Authors: Bradford Morrow
How to convey such an idea to her without undermining Russell was another story. Maybe some wounds never do mend.
“I’m so nervous,” she told Johnny, who was at the wheel.
“Who wouldn’t be. So am I.”
They first paid a call on Clifford, who had aged since last they saw him but seemed chipper this afternoon as he shuffled along the corridor. And he was downright ecstatic when they mentioned that they’d come also to visit Mary.
“She here now?” he asked, a broad toothy smile erupting across his white face. They hovered beside the aquarium.
“Not now,” his sister-in-law said. “But if she wants, we can bring her by tomorrow.”
“You do,” Clifford said, turning his attention back to the fish.
They checked into a motel in Los Alamos and telephoned Sarah Montoya at Pajarito. With Carl and Brice having left for Tularosa, she’d decided to let the center run itself for a few days, and taken up overseeing ranch matters until things got resolved downstate.
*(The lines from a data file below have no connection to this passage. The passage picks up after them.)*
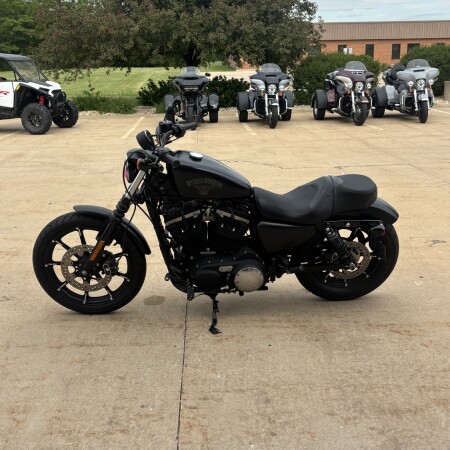 2018 Harley-Davidson® Iron 883™ Black Denim thumb 0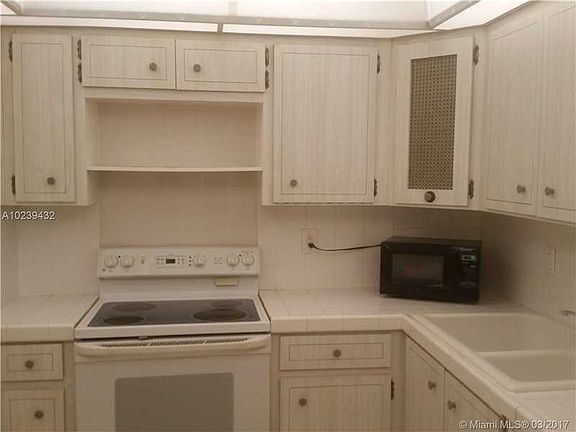 2nd image of 2230 NE 56th Pl APT 228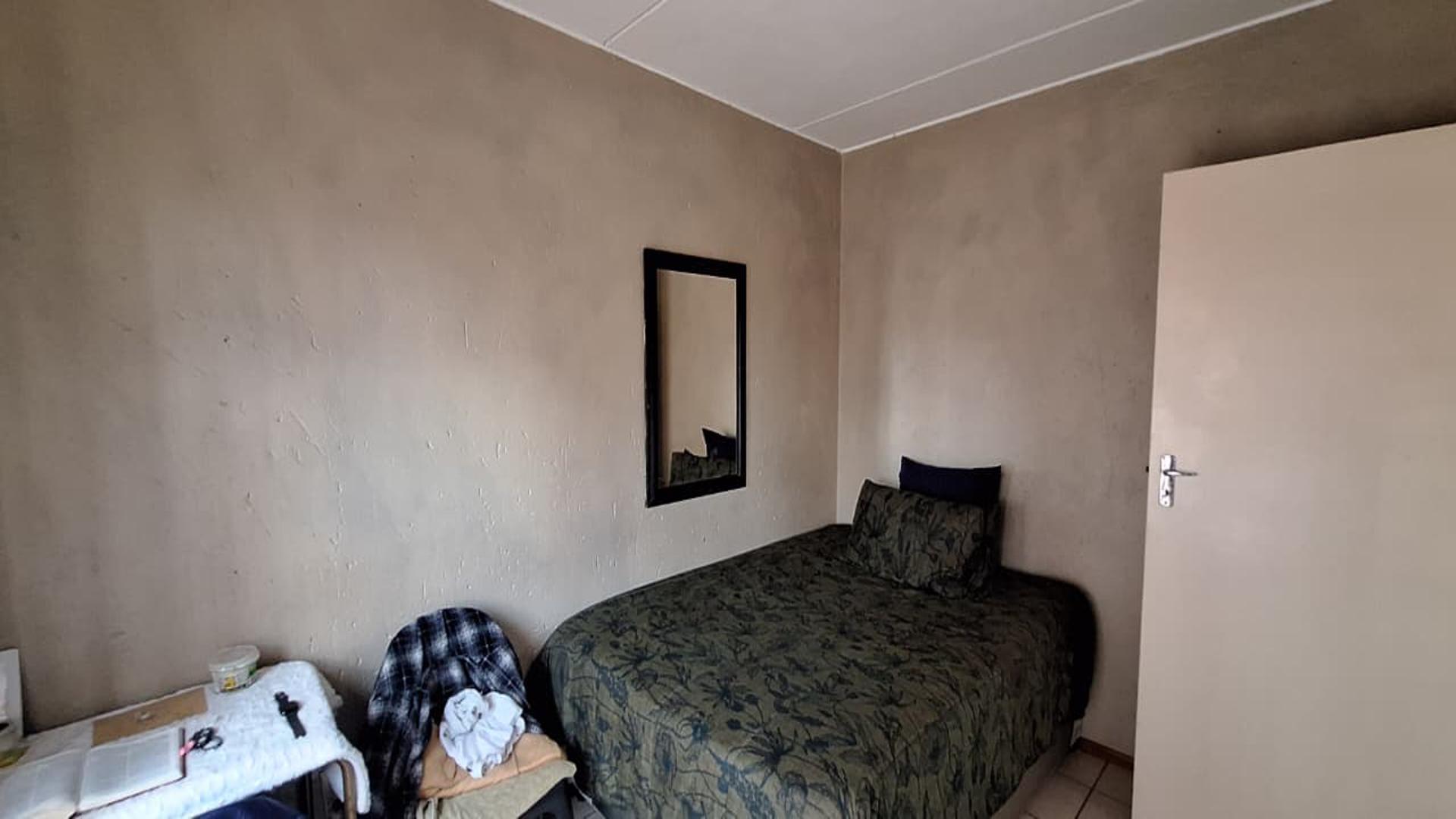 Bed Room 1 - 12 square meters of property in Comet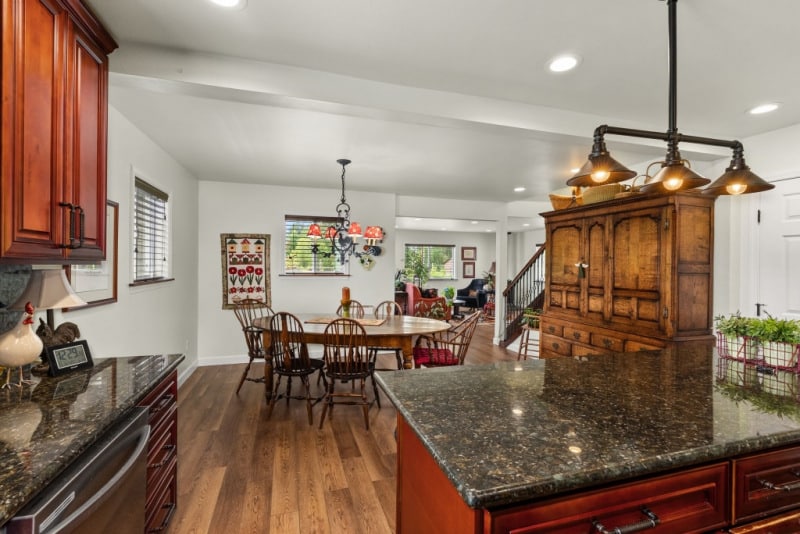 2025-Jun-20-Ben-Hansen-18-Web-Or-Mls-1241-Koontz-Rd-Chehalis-Wa-Luminate-Media-18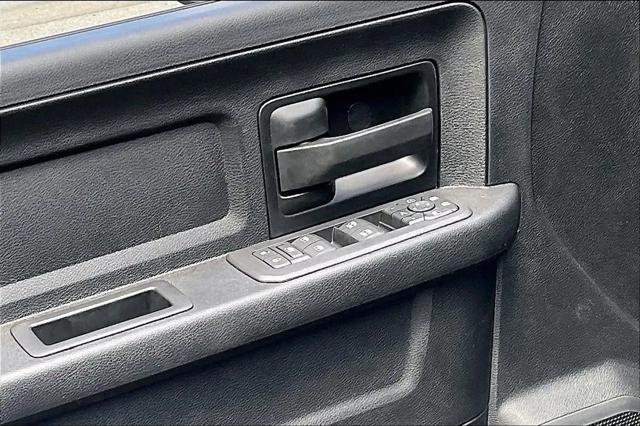2026 Ram 2500 Black Express Crew Cab 4x4 64 Box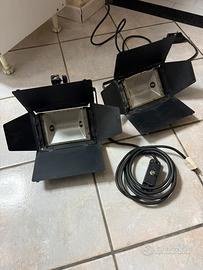 Set 2 fari set cinematografico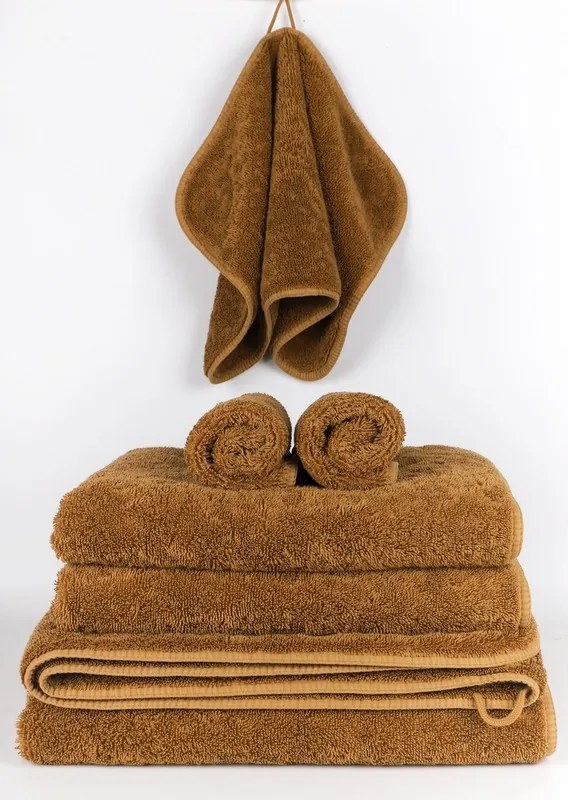 740 gr./m2 Algodão penteado - Jogo 3 toalhas de banho: Mel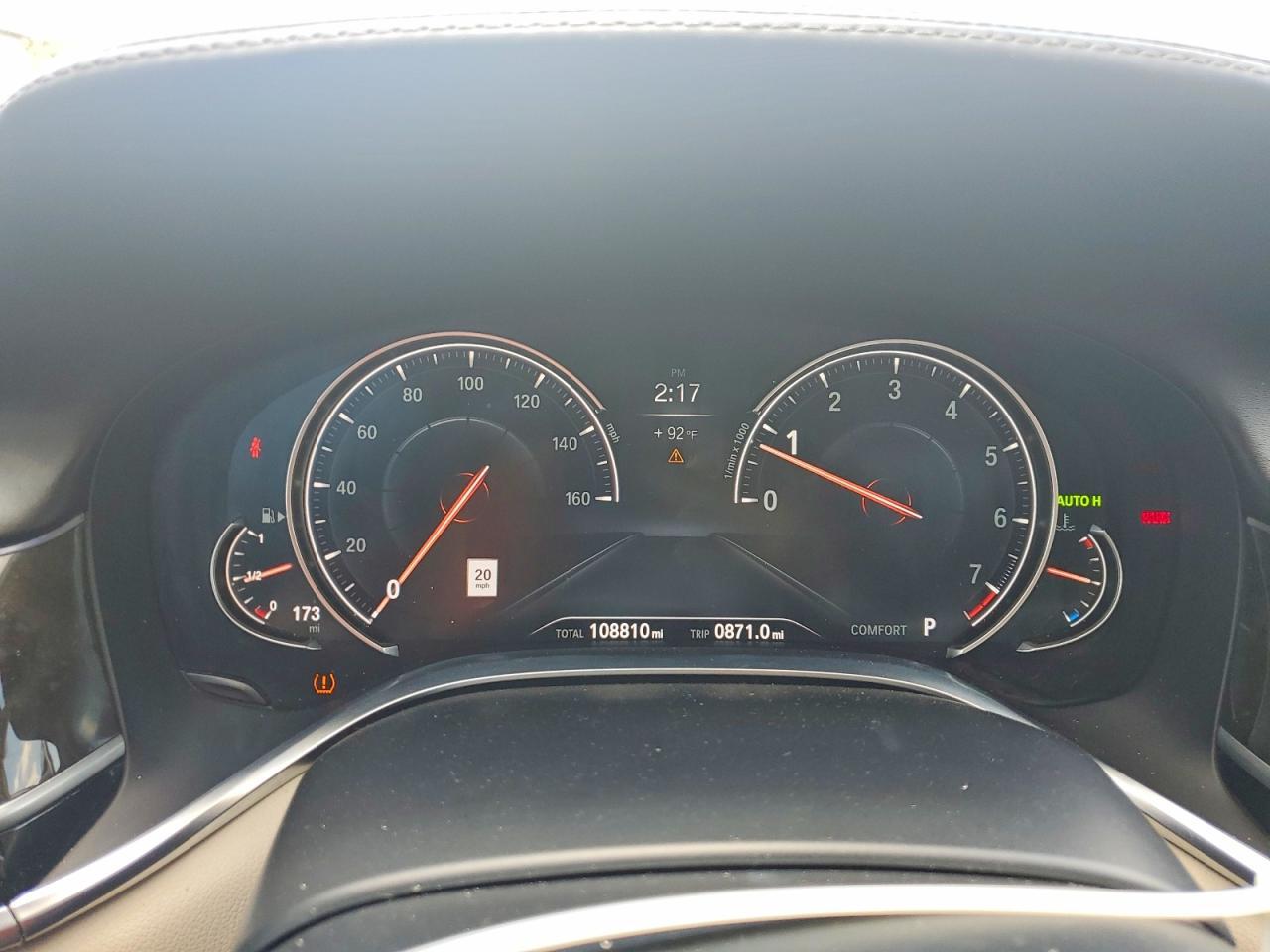 2016 BMW Seria 7 750i - zdjęcie 9
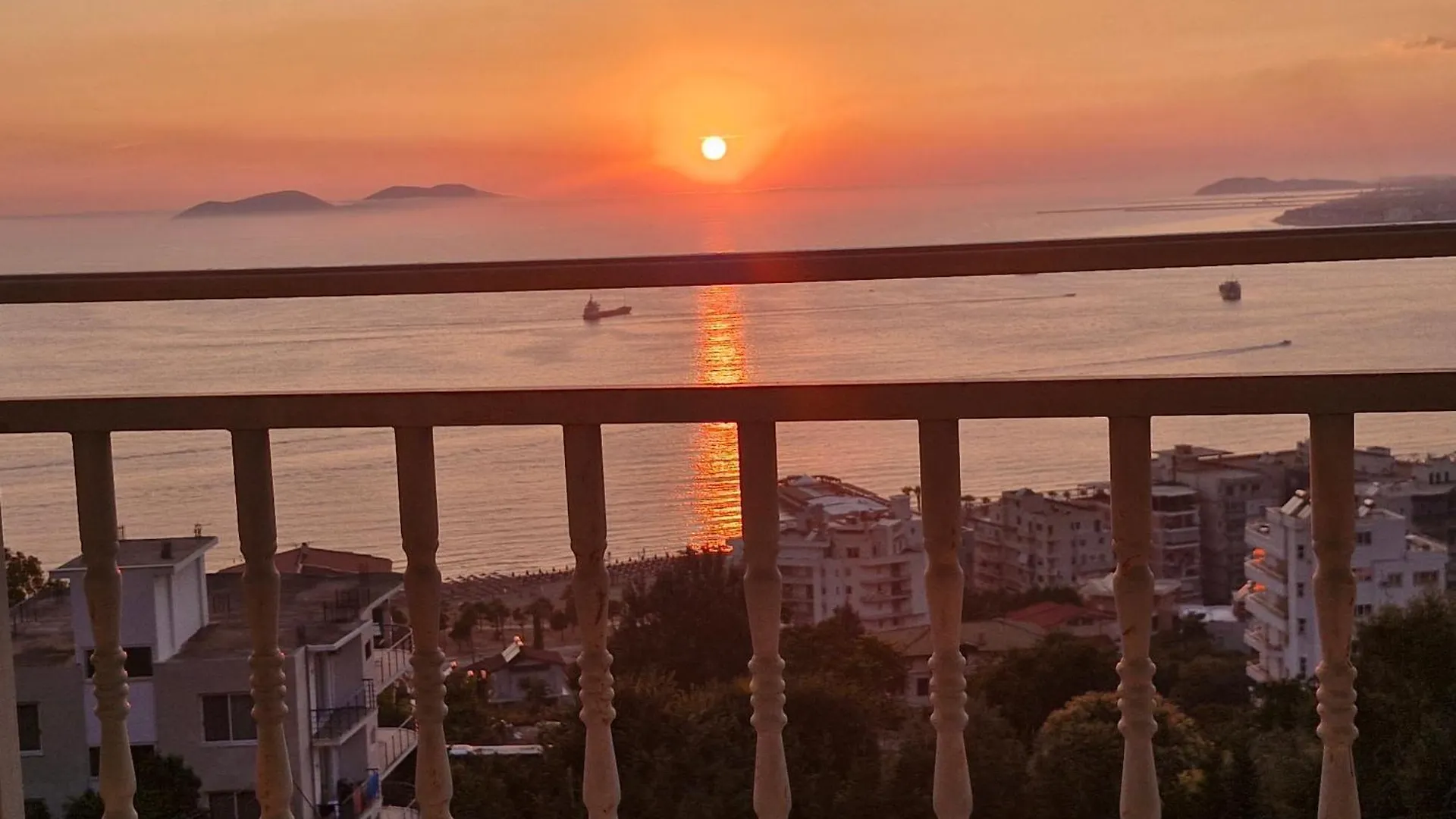 Alma'S Apartments At Residence Vlorë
Johnny told her, “We’re here, if Mary would still like to see us.”
The difficult delicacy of her role had never been more apparent. This collective upheaval was beginning to wear on her. She asked for their number at the motel and promised to pass it on to Mary.
“We’re only staying the night. So please let her know as soon as you can.”
“Your uncle Clifford is doing well, don’t you think?”
“It was good to see him,” Johnny said. “Tell Mary our fingers are crossed.”
Mary was sitting right there on the banco in the kitchen and heard Sarah’s half of the conversation.
“Here’s the number. Their fingers are crossed that you’ll call, your brother said.”
“Jim?”
“No, Johnny.”
“Johnny’s with my mother?”
Sarah nodded.
“Guess this is it, then.”
“Whatever kind of rapport you want with your family from here on out is up to you. Not that you haven’t held the key all along.”
Mary ran her hand over the back of her neck. Having made the decision to return the silver necklace Marcos had bought at San Felipe de Nerí for her twenty-first birthday—she’d placed it, with a note, in his dresser drawer, along with the other jewelry he’d given her—she nonetheless felt oddly naked in its absence. Unprotected somehow, exposed.
“Let me ask you a question, Mary. What’s to prevent you from trying to follow through on what you originally planned to do when you left Gallup?”
“I’m not good enough.”
“That’s not what Marcos says. You’re the best actor in that company, according to him.”
“No offense, but how would he know good acting from bad?”
“Franny Johnson wasn’t such a bad performance.”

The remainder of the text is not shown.